Transactions are not supported for Web services. You can however execute a Web service in one of the following ways:
● indirectly via a CRUD or findBy operation
● directly via generated proxies
Contrary to the transaction commit, the WS execution takes effect immediately for all other users of the represented remote storage. Also, if the transaction is rolled back you do not have any control on the WS calls which have happened during the transaction lifetime.
For RFCs,
transactions are supported only for BAPI calls. For more information on the
BAPI transaction model, see
Transaction Model for
Developing BAPIs.
When you work with external services, you must ensure database integrity. To do this, always include the CRUD (create, read, update and delete) operations in transactions.

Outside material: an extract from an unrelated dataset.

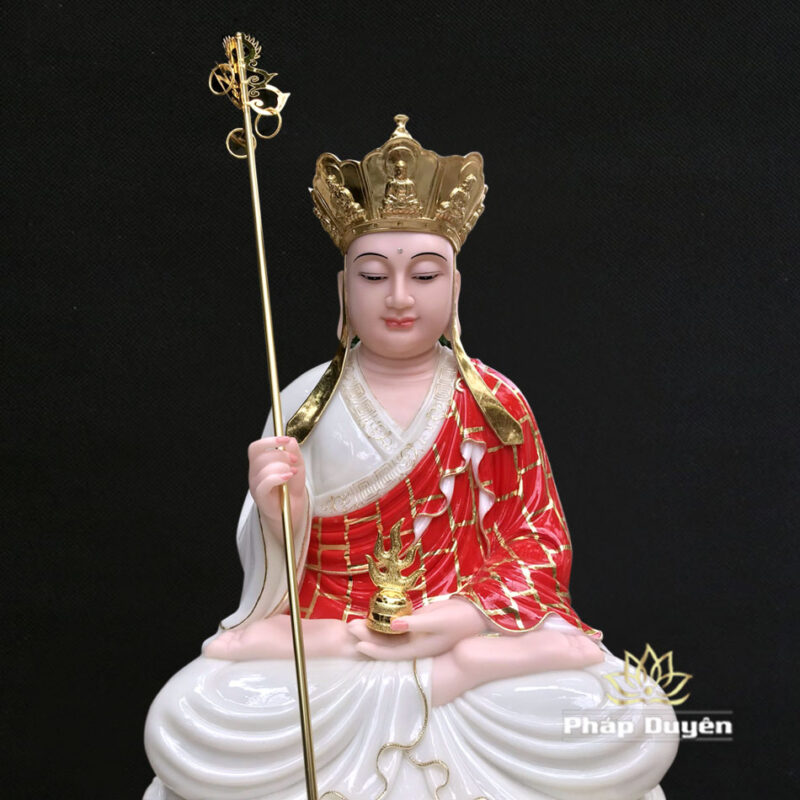 Tượng Địa Tạng Áo Đỏ Bằng Bột Đá, Cao 90cm - Ảnh 3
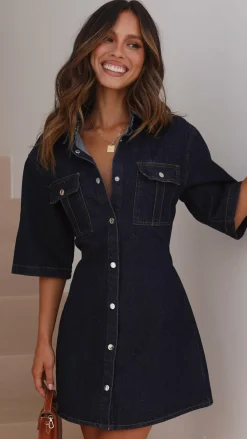 Raz Mini Dress - Dark Denim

It does not matter if you are encapsulating the BAPI calls as business entity services or you call them directly from application services. According to the transaction ending, BAPI calls are either committed or rolled back.
When you use BAPI
calls for remote persistency, it is highly recommended to access only one SAP
system per transaction, because BAPI calls do not support the two-phase commit
(2PC) scenario. For more information on 2PC, see
Two-Phase Commit.

Assume that you commit changes to several SAP systems (SAP System 1, SAP System 2 ...) in one transaction. It is possible to commit the changes to SAP System 1 successfully. Since CAF does not have direct control over the storage, if the commit to SAP System 2 fails, you cannot rollback the changes made in SAP System 1.
For local persistency, CAF has full control over the storage and the rollback can be done without problems.